▸ **Exercise directions**
Word for word, output every line of the material below, minus pictures.

▸ **Data excerpt**
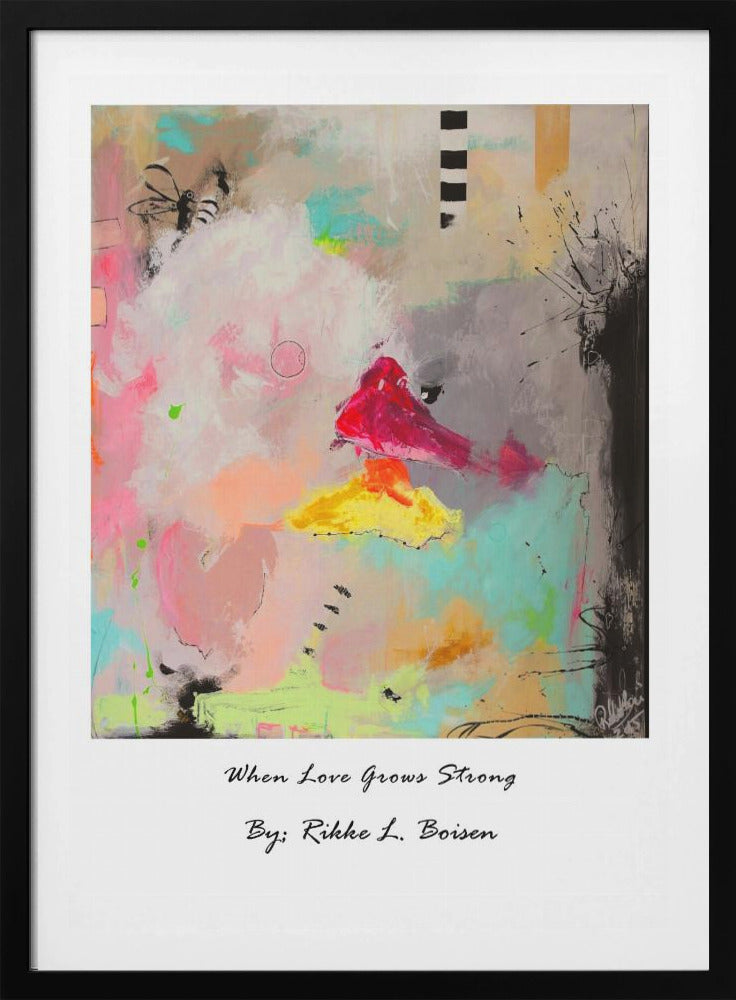 Als liefde sterk wordt | Poster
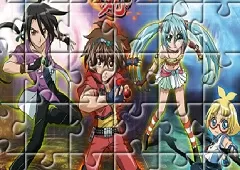 Bakugan Games, Bakugan Puzzle 2, Games-kids.com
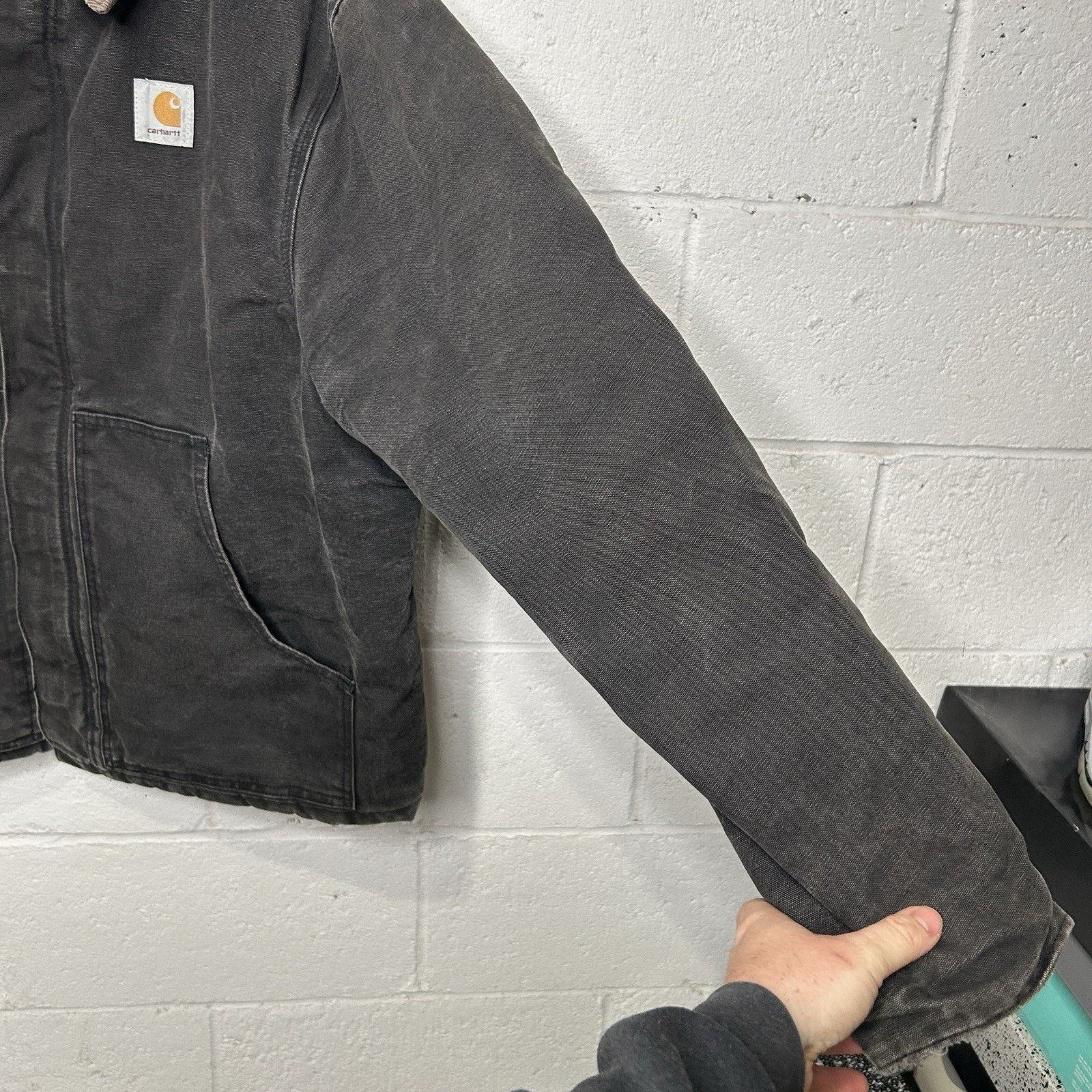 Carhartt Vintage Carhartt Quilted Artic Jacket “Black” JQ185/J02 BLK Size US XL / EU 56 / 4 - 8 Thumbnail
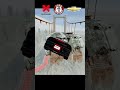 Can American Cars Survive the Broken Bridge? | BeamNG Drive #beamng #beamngdrive #shorts #carcrash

▸ **Result**
 Als liefde sterk wordt | Poster
 Bakugan Games, Bakugan Puzzle 2, Games-kids.com
 Carhartt Vintage Carhartt Quilted Artic Jacket “Black” JQ185/J02 BLK Size US XL / EU 56 / 4 - 8 Thumbnail
 Can American Cars Survive the Broken Bridge? | BeamNG Drive #beamng #beamngdrive #shorts #carcrash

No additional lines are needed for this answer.